The previous documents treat binary trees as an algorithmic toy. This one shows the load-bearing systems that depend on them: how a browser parses HTML into a DOM tree, how a compiler builds an AST and an IR, how a file system represents directories with inode trees, how Java's HashMap quietly turns into a tree when collisions get bad, how Merkle trees underpin Git and Bitcoin, and how database query planners build trees of Plan nodes that the executor walks. Reading the actual source of one of these systems is the fastest way to graduate from "I can solve LeetCode tree problems" to "I understand the systems that run the world".


Table of Contents

  1. The HTML DOM in Blink and WebKit
  2. ASTs and IRs in Compilers (LLVM, GCC, Babel, TypeScript)
  3. File System Inode Trees (ext4, btrfs)
  4. Java HashMap Treeification (since JDK 8)
  5. Database Query Plan Trees (Postgres, MySQL)
  6. Merkle Trees — Git, Bitcoin, Cassandra, IPFS
  7. Cache-Unfriendliness and the Pointer-Chasing Problem
  8. Tree Iterators in Real APIs

When Chrome's Blink engine receives an HTML byte stream, it builds the DOM tree. Every element (<html>, <head>, <body>, <div>, <p>, text node, comment node) is a Node in C++ inheriting from Node, with firstChild, lastChild, previousSibling, nextSibling, parentNode pointers — strictly speaking an n-ary tree (an element can have any number of children), but each level is a doubly-linked list of siblings, so it's a binary representation in memory ("left child, right sibling"), which is the classical n-ary-to-binary conversion (Knuth TAOCP v1 §2.3.2).

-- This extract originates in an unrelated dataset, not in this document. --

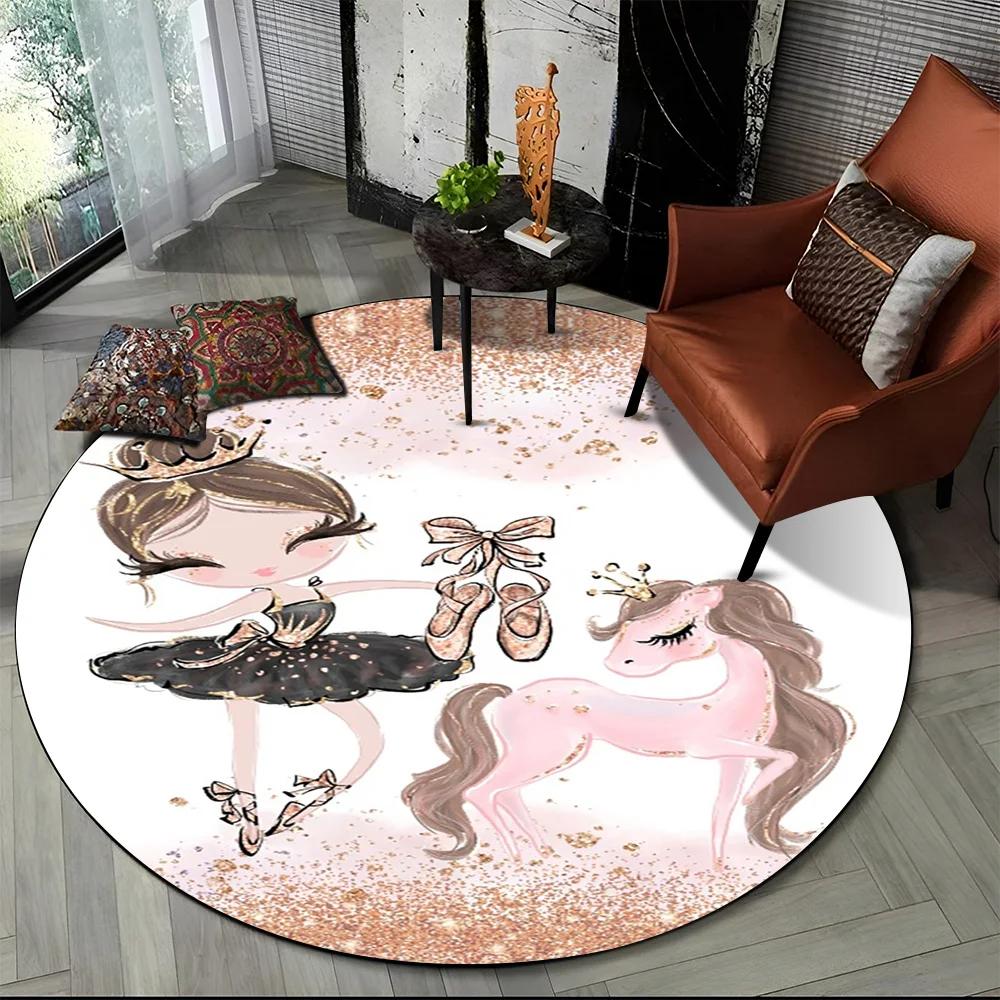 Cartoon Ballet Girl Fairy Ballerina Flower Round Carpet Rug for Living Room Bedroom Child Decor,Pet Area Rug Non-slip Floor Mat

The DOM lives in C++ in third_party/blink/renderer/core/dom/node.h (Blink) or Source/WebCore/dom/Node.h (WebKit). When JavaScript calls document.querySelector('div.foo'), Blink walks the tree in DFS order matching the selector. When the layout engine paints, it traverses the render tree (a parallel tree that drops invisible nodes and merges generated content) in another DFS. The browser does these tree walks hundreds of times per second during animations. Optimizing tree-walk performance is a permanent engineering effort at every browser team.

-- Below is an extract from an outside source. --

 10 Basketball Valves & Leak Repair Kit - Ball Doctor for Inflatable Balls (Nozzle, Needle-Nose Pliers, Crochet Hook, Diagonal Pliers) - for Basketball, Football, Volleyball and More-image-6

Practical consequences for you:

  • The cost of document.getElementsByClassName('x') on a 100,000-node DOM is the cost of a tree walk — O(n). If you call it in a loop, you've quietly written O(n²).
  • Frameworks like React build a virtual DOM tree in JS, diff it against the previous tree (LeetCode 100 + LCA pattern + keyed reconciliation), and apply minimal mutations. The "diff two trees" algorithm at React's heart is a classic CS tree problem.
  • MutationObserver lets you subscribe to subtree changes. Internally, the browser walks the subtree once on registration to set up dirty-tracking flags.

If you read one source file from this section, read Blink's node.cc and element.cc.


2. ASTs and IRs in Compilers (LLVM, GCC, Babel, TypeScript)

Every modern compiler builds at least one tree from source code.

2.1 Babel and Acorn (JavaScript)

The standard JavaScript AST format is ESTree, an open spec. Acorn (used by Webpack, Rollup, and originally Babel) emits ESTree nodes with type, start, end, and child fields. Babel plugins walk the tree with @babel/traverse, which is a generic visitor pattern over ESTree. Every Babel transform you've ever used — arrow-functions → ES5 functions, async/await → state machines, JSX → React.createElement calls — is a tree-rewrite implemented as a visitor.

2.2 TypeScript Compiler API

The TypeScript compiler exposes its AST via ts.createSourceFile + ts.forEachChild(node, visitor). The recursive walk is identical to the universal DFS template from junior.md. The TypeScript type checker, the language service (powering autocomplete in VS Code), and the emitter all consume the same tree.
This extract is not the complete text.